J’ai, il y a quelque temps écrit, à propos d’une des photos de Denis Thomas, que je pouvais y lire trois temps qui s’interposent et s’ajoutent ; que J’avais devant moi, dans l’ordre que je pouvais choisir, un futur, un présent et un passé ; et que j’étais même en présence d’un équilibre qui aimerait s’affranchir d’un avenir trop prévisible. Je remarquais tout cela dans cette photo. Là, il s’agit d’une série dont chaque photo participe à l’ensemble. Pourtant, le parti pris est le même ; c’est un travail de photographe reporter qui s’est donné pour mission de saisir les séquences d’une actualité urbaine.
Il ne fait pas encore tout à fait jour lorsque le photographe Denis Thomas s’installe sur le chantier afin d’enregistrer l’événement. Après avoir pris ses premières mesures, et ajusté la distance, il a enfoncé son clou de repérage, et s’est installé avec son appareil “porté à bout de bras et non pas sur un trépied” – précise le photographe – comme s’il s’agissait d’une intervention destinée à mesurer le rythme de la démolition qui va bientôt commencer ; de cette démolition mécanique.
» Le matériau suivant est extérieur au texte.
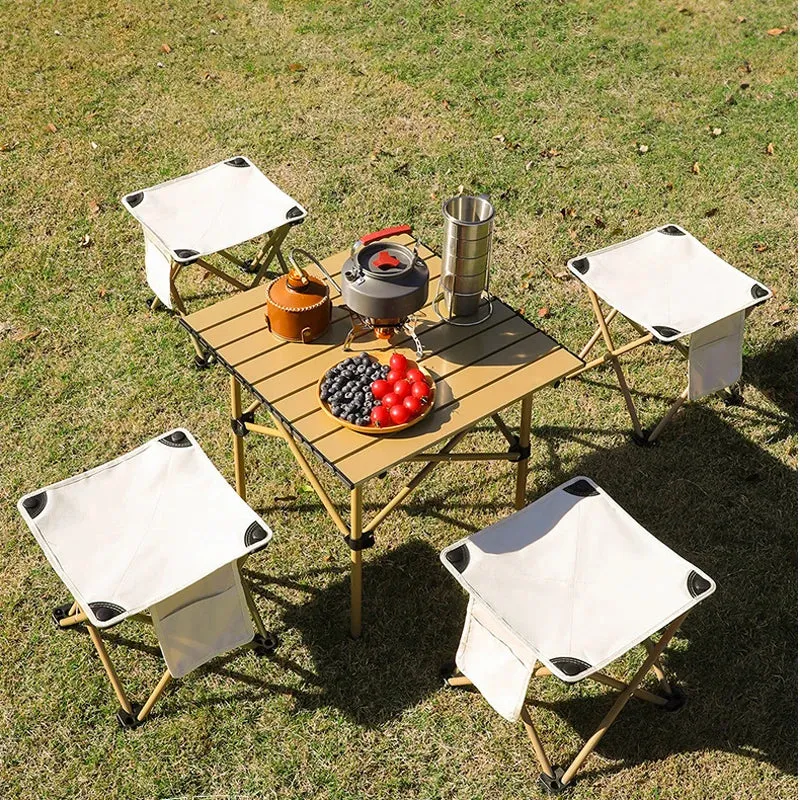 Tabouret pliant de camping WESTTUNE ultra-portable – Image 2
La LOURDE question du rapport de l’homme à la machine…
Et lorsque Denis Thomas évoque le pourquoi de sa présence, il dit : “ Je suis là, moi humain observateur, face à l’événement – Le site, le lieu, le lieu en action – et je réagis” ; et ces mots commentent simplement sa façon d’être dans l’action. Pourtant, il n’y a aucune légèreté, ni aucune obscénité dans sa façon d’enregistrer “l’accident” ; il le précise : “JE porte dans mon travail – qui est photographique – la LOURDE question, trop souvent éludée, ou mise de côté, du rapport de l’Homme à la Machine”. Il ajoute : “le JE a ici toute son importance ; ce n’est pas la machine qui m’entraîne ; c’est MOI qui porte la machine et qui voit”.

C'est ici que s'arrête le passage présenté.